Bevor Monika Grütters am vergangenen Sonntag als Staatsministerin für Kultur und Medien nominiert wurde, eilte ihr der Ruf einer gewissen Ungeduld voraus. Ihr Vorgänger Bernd Neumann jedenfalls pflegte sie in seinen letzten Reden mit visionären Bemerkungen über eine weitere Amtszeit zu necken. Grütters ist ein Gewächs der Berliner CDU, eines besonderen Biotops – nicht unbedingt der Humus, aus dem die bundespolitisch erste Riege der Union wächst. Mit Klaus-Rüdiger Landowsky, einem Mann, der die Hauptstadt mithilfe seiner Bankgesellschaft um viele Millionen Euro erleichterte, arbeitete sie als Fraktionsvize eng zusammen ("meene kleene Sonne"), gleichwohl stand gerade Monika Grütters in jener Zeit für eine integre, liberale CDU in Berlin.

Vielleicht wurde sie deswegen nie Senatorin. Denn kulturpolitisch ist sie die ewig Berufene, aber nie Auserwählte.
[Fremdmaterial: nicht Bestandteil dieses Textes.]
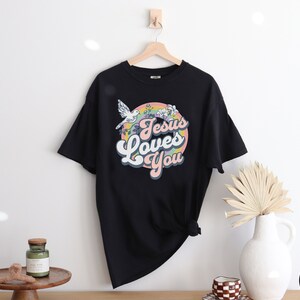May include: Black t-shirt with a retro-style graphic that says "Jesus Loves You" in a rainbow circle with a white dove flying above.
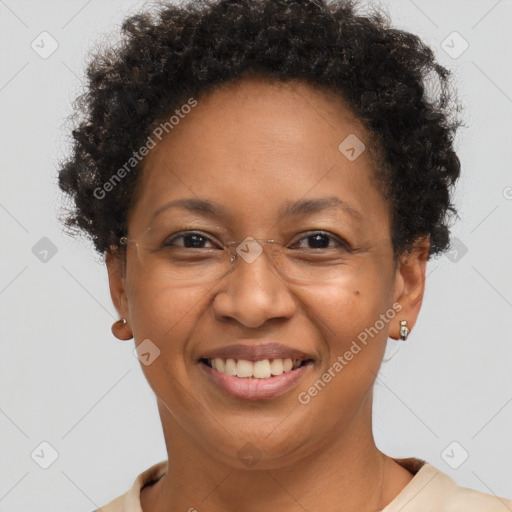 Joyful black adult female with short  brown hair and brown eyes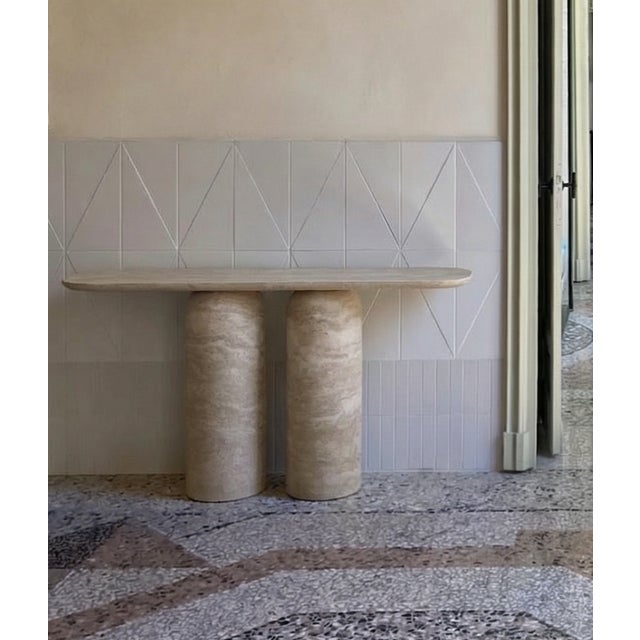 Made from high-quality travertine. 2 x dome-topped pedestals are an sculpture in themselves. Rounded-edge tops appear to...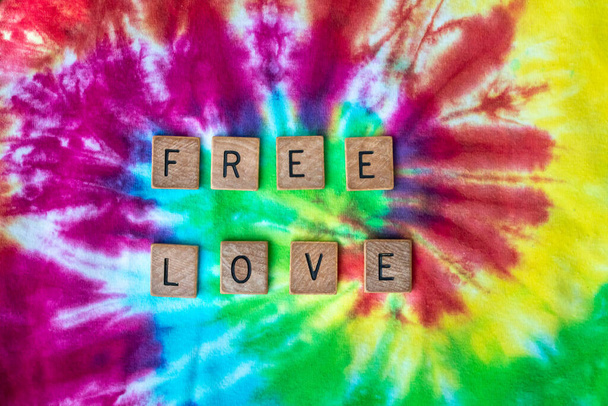 Toronto, Ontario, Canadá 'Free love' deletreado en letras de madera en tela de tinte de lazo de patrón de remolino multicolor, para el Día de San Valentín 2021. - Foto, Imagen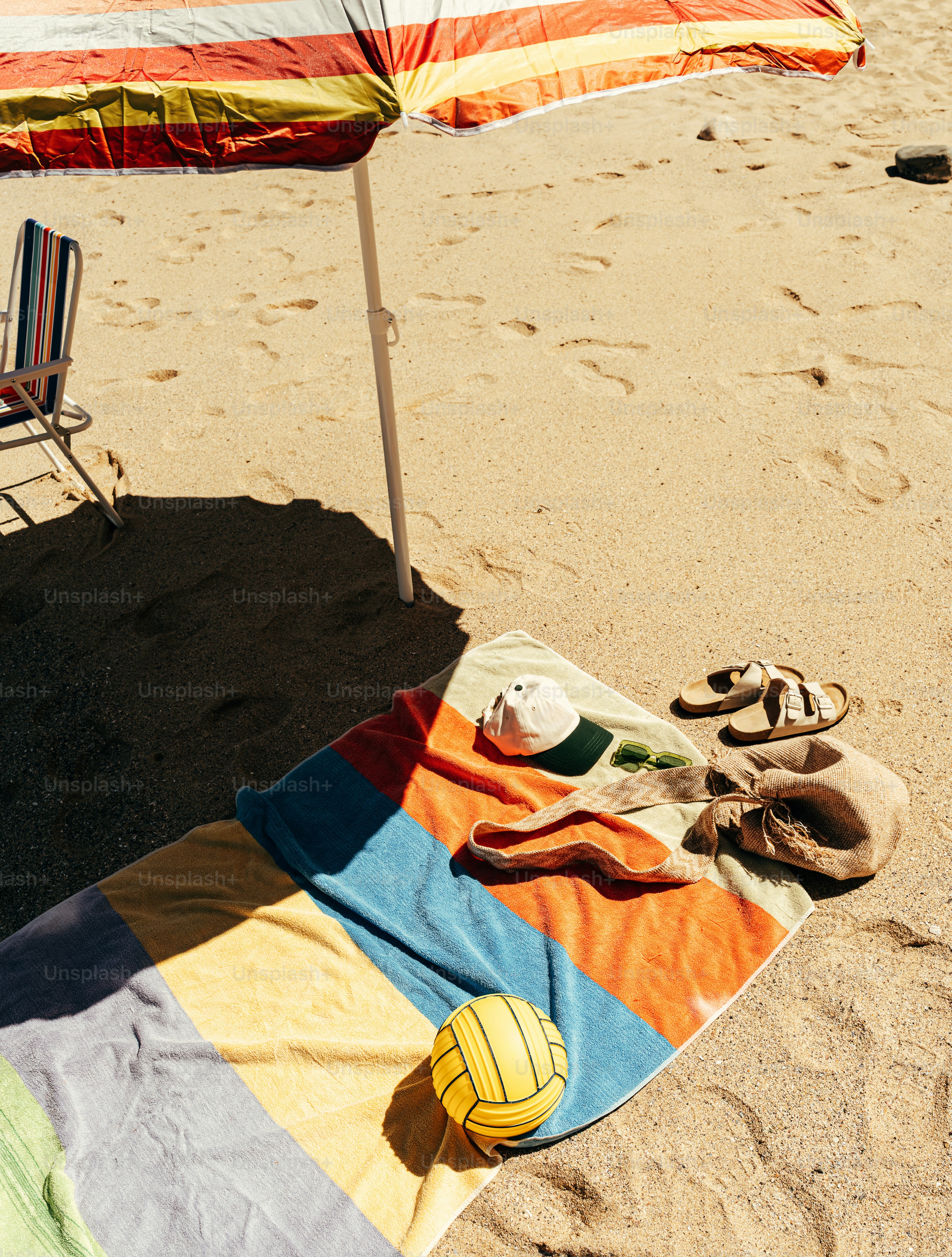 Colorful beach umbrella, towel, and volleyball on sand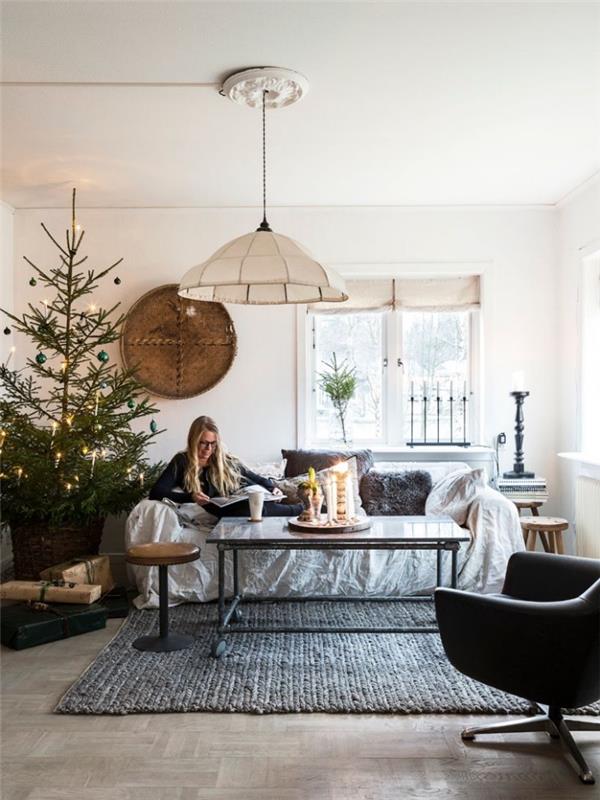 Skandinaviškas ir tradicinis atostogų dvasios dekoras, poilsio zona gyvenamajame kambaryje su nedidele sofa, papildyta pilkomis dirbtinio kailio pagalvėlėmis, ir prie jos pastatyta Kalėdų eglutė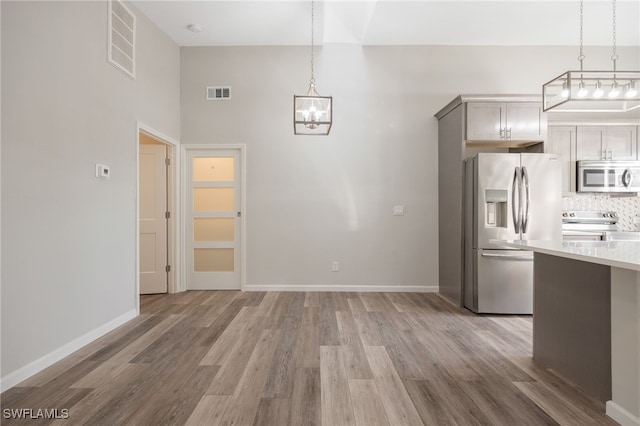 kitchen with hanging light fixtures, appliances with stainless steel finishes, hardwood / wood-style flooring, and gray cabinetry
Als beispielsweise Friedbert Pflüger 2006 in Berlin Regierender Bürgermeister werden wollte, hätte er der Fachfrau die Schlagersängerin Vicky Leandros vorgezogen.

Wenn die eigene Partei so ist, gehört Ungeduld noch zu den sublimeren Formen der Reaktionsbildung. Im Bundestag erwarb sich Grütters als Vorsitzende des Kulturausschusses seither einen hervorragenden Ruf. Es gibt keinen in diesem Metier, der ihr die Qualifikation für das Staatsministeramt absprechen würde.

Dieses Amt ist inzwischen integraler Bestandteil der Bundespolitik. Keine Partei möchte mehr darauf verzichten. Und nachdem der Schwabinger Kunstfund auf der ersten Seite der New York Times verhandelt wurde und heftige internationale Reaktionen ausgelöst hat, ist sichtbar, dass Kultur keineswegs ein Nischenphänomen ist. Die veränderte Lebenswirklichkeit wird auch das Amt in den nächsten Jahren verändern. Vor dem Hintergrund der Digitalisierung kann die Pflege der Denkmals- und Museumslandschaft nur noch ein Teil der Aufgabe sein.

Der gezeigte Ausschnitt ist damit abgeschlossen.